#### Task to carry out:
All of the data below needs to be set down again, exactly as shown.

---- Dataset content

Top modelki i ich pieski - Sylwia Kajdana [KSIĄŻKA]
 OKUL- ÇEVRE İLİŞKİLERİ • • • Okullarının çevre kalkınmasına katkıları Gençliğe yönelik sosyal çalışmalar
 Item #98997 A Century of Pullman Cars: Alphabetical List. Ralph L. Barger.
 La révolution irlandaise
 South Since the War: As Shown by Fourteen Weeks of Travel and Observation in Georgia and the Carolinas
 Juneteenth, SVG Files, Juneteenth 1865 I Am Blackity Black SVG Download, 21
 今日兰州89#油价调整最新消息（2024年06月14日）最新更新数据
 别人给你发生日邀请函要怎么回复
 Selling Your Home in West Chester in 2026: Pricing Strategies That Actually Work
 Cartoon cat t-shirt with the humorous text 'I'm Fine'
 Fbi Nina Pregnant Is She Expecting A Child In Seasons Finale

--------

#### Task output:
Top modelki i ich pieski - Sylwia Kajdana [KSIĄŻKA]
 OKUL- ÇEVRE İLİŞKİLERİ • • • Okullarının çevre kalkınmasına katkıları Gençliğe yönelik sosyal çalışmalar
 Item #98997 A Century of Pullman Cars: Alphabetical List. Ralph L. Barger.
 La révolution irlandaise
 South Since the War: As Shown by Fourteen Weeks of Travel and Observation in Georgia and the Carolinas
 Juneteenth, SVG Files, Juneteenth 1865 I Am Blackity Black SVG Download, 21
 今日兰州89#油价调整最新消息（2024年06月14日）最新更新数据
 别人给你发生日邀请函要怎么回复
 Selling Your Home in West Chester in 2026: Pricing Strategies That Actually Work
 Cartoon cat t-shirt with the humorous text 'I'm Fine'
 Fbi Nina Pregnant Is She Expecting A Child In Seasons Finale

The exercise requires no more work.